A. Le Coq
- Type: Subsidiary
- Industry: Food production
- Founded: London, United Kingdom (1807)
- Founder: Albert J. L. Le Coq
- Headquarters: Tartu, Estonia
- Area served: Estonia
- Products: Beer, cider, mineral water, juice, Long Drinks, Soft Drinks
- Parent: Olvi
- Website: www.alecoq.ee

= A. Le Coq =

Estonian brewery

A. Le Coq (/et/) is an Estonian brewery. The company was founded in 1807 by a Prussian family of the same name, who were descendants of the Huguenots who had fled France in the 17th century. The company was bought in 1997 and is currently owned by the Finnish company Olvi.

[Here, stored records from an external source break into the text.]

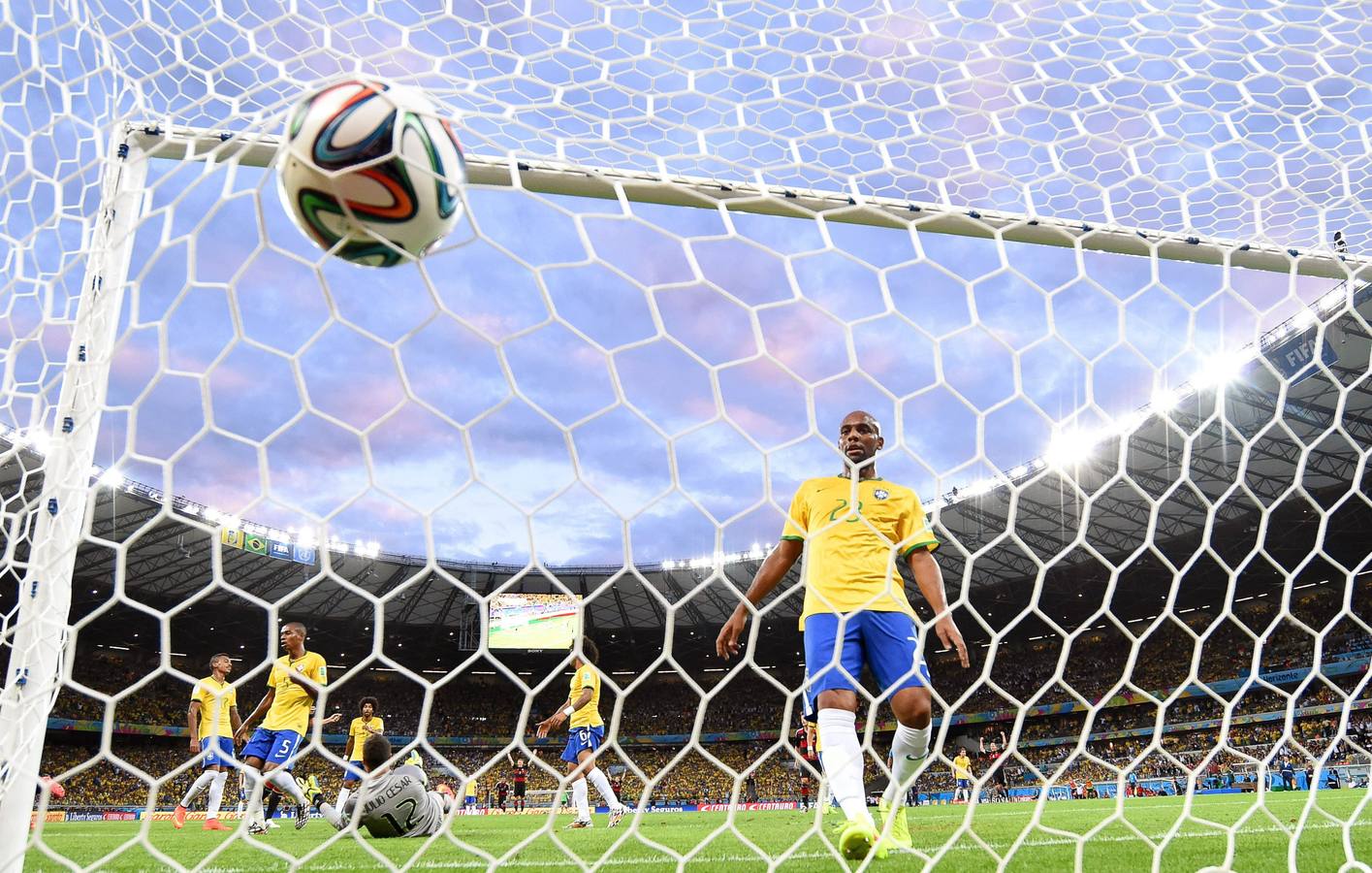 Martes, 8 de julio. Histórica derrota de Brasil ante Alemania por 1-7 en el partido de semifinales del Mundial de Fútbol de Brasil 2014, que se celebró en el estadio Mineirão de Belo Horizonte. EFE/EPA/MARCUS BRANDT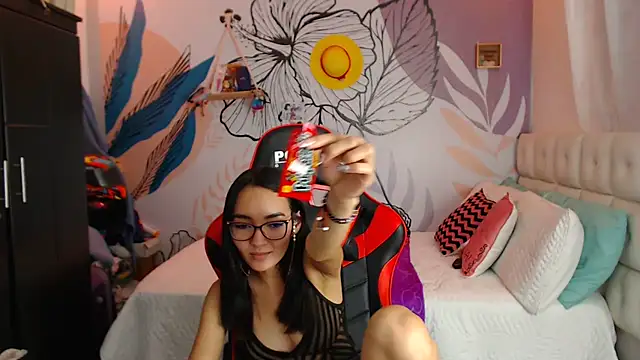 Snapshot of LinzyBaner chatting on February 6, 2025, 11:37 pm LinzyBaner online show from February 6, 2025, 11:37 pm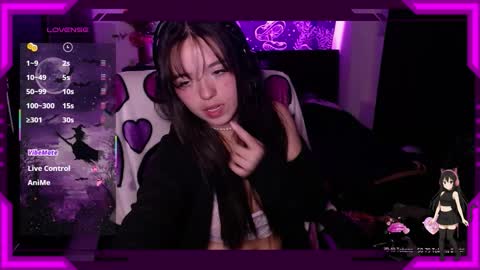 Snapshot of bellamoteluna chatting on 12/04/25, 11:02 Bella Monteluna online show from 12/04/25, 11:02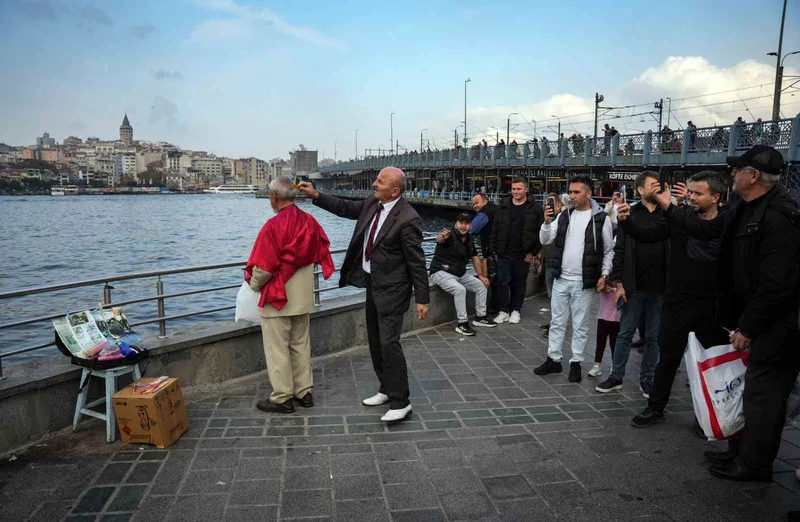 Neşeli Günler Filmi’nde Şener Şen’in canlandırdığı 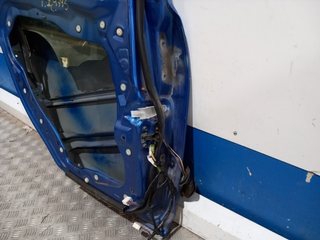 PUERTA TRASERA IZQUIERDA MAZDA 3 BERLINA (BK) Y6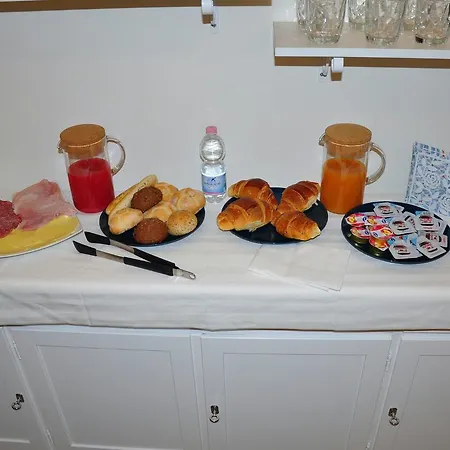 Chiaia 216 Bed & Breakfast 2*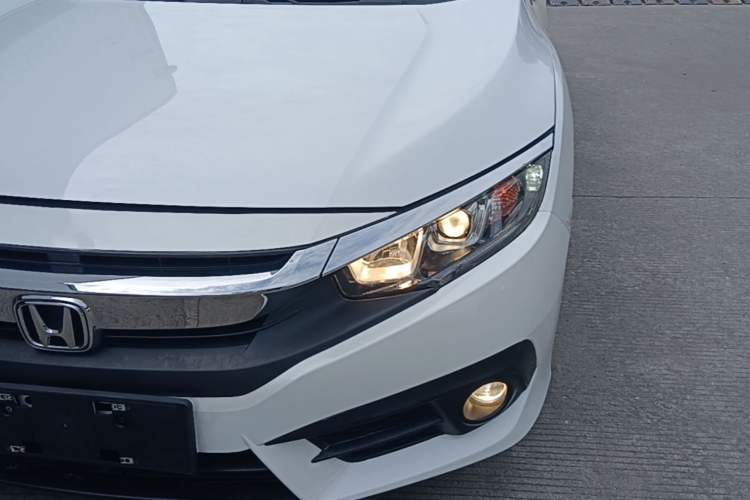 Used Honda Civic 2016 220TURBO CVT Luxury Edition Left Front Headlight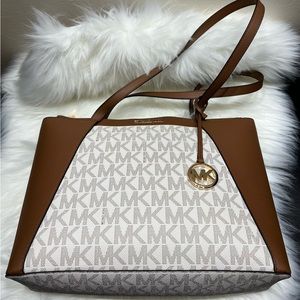 MICHAEL KORS MEDIUM TOTE “MADDIE”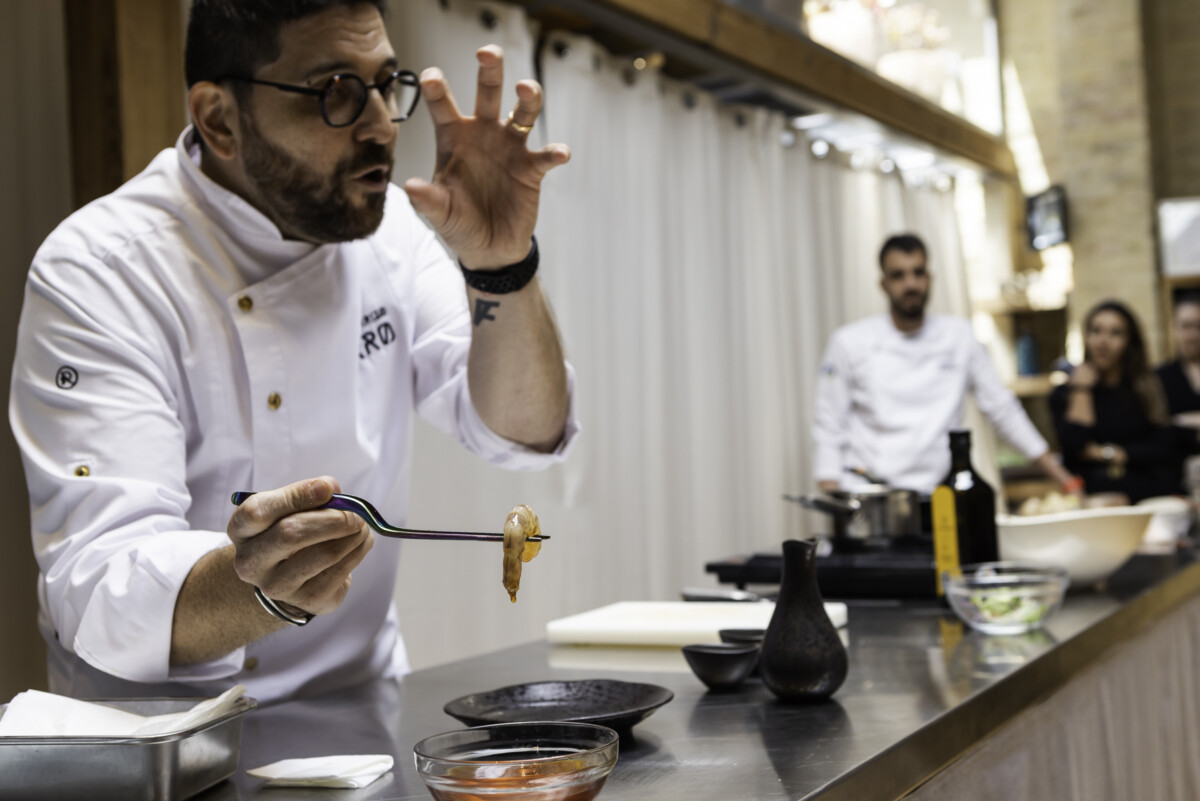 Showcooking en Russafa sobre la cocina del langostino de Vinaròs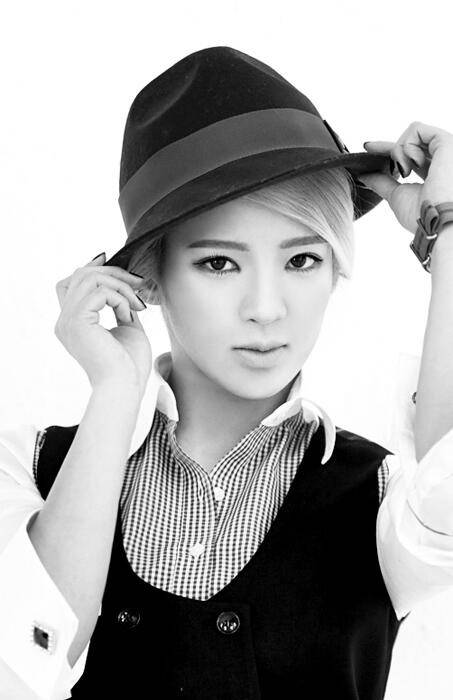 「♡」8 Años con Kim Hyoyeon「♡」 Girls-Generation-Hyoyeon_1396345585_af_org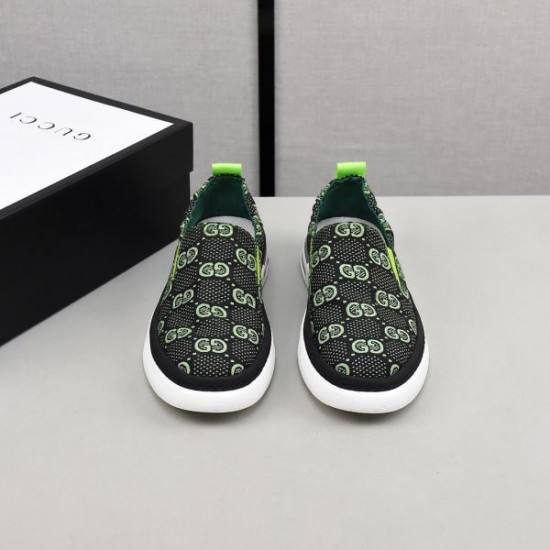 GUCCI グッチ お気に入りのスタイル 2024SS メンズ用 カジュアルシューズ GUCCI グッチ お気に入りのスタイル 2024SS メンズ用 カジュアルシューズ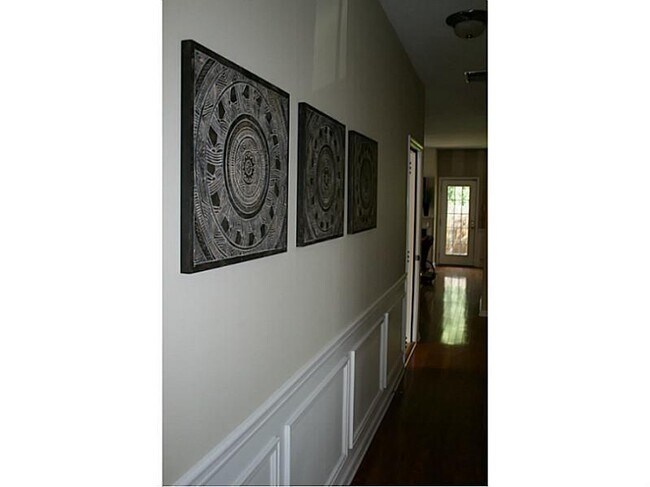 Foto del edificio - 4247 Youngstown Cir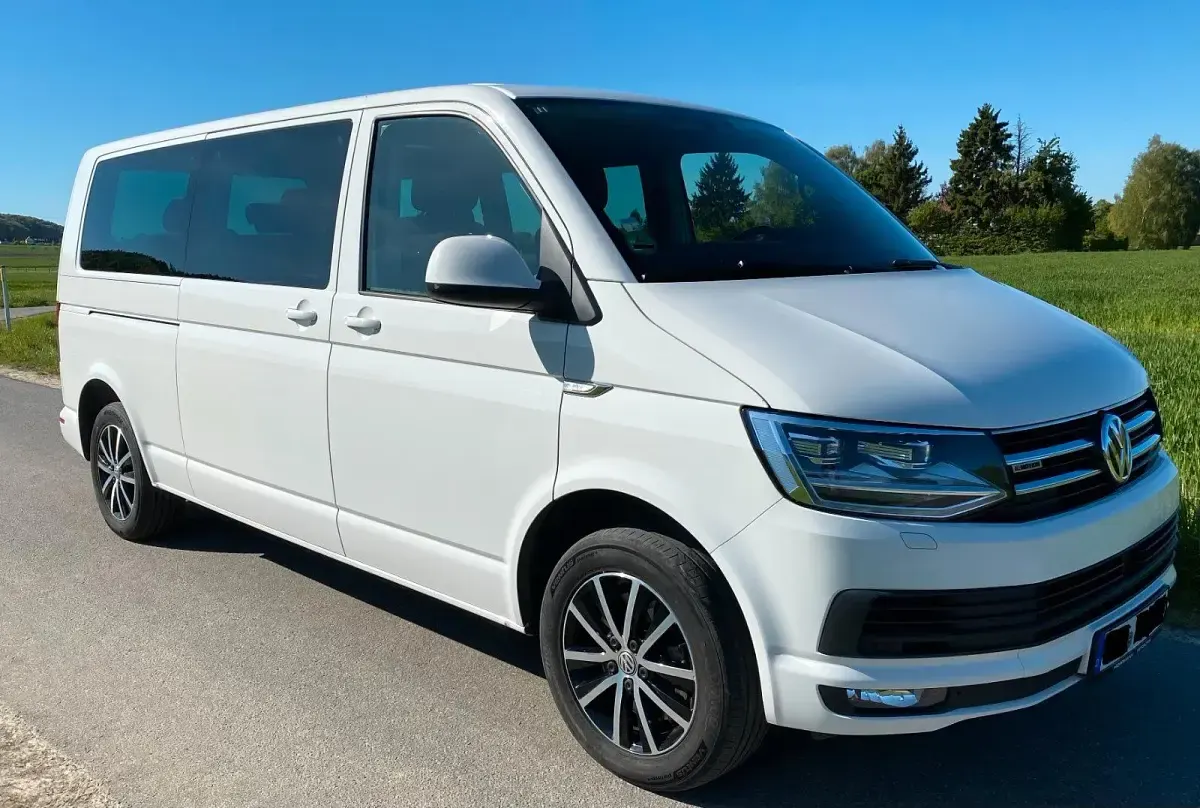 Gebraucht VW Multivan Comfortline 199 PS (146 kW) 2018 Weiß Van / Kleinbus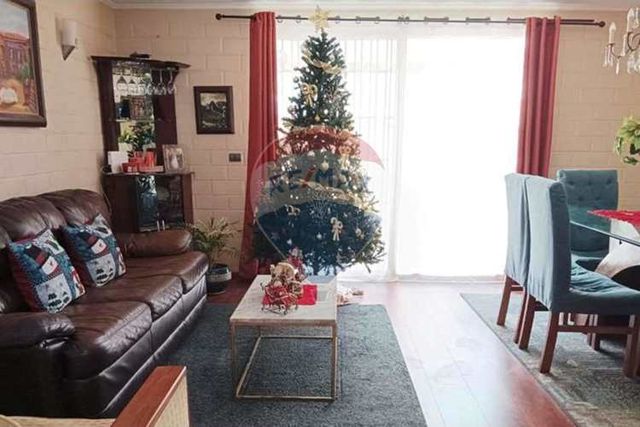 Casa 3d, 2b estacionamiento para 3 vehículos.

It produces many types of drinks including beers, long drinks, ciders and soft drinks. The best known beer is the A. Le Coq Premium, which is the most popular beer in Estonia, according to the latest AC Nielsen results in October 2008. A. Le Coq Arena in Tallinn was named after the beer.

A. Le Coq's key brands are A. Le Coq (beer), Fizz (cider), Aura (juice), Dynami:t (energy drink), Arctic (sport drinks) and Limonaad (softdrink).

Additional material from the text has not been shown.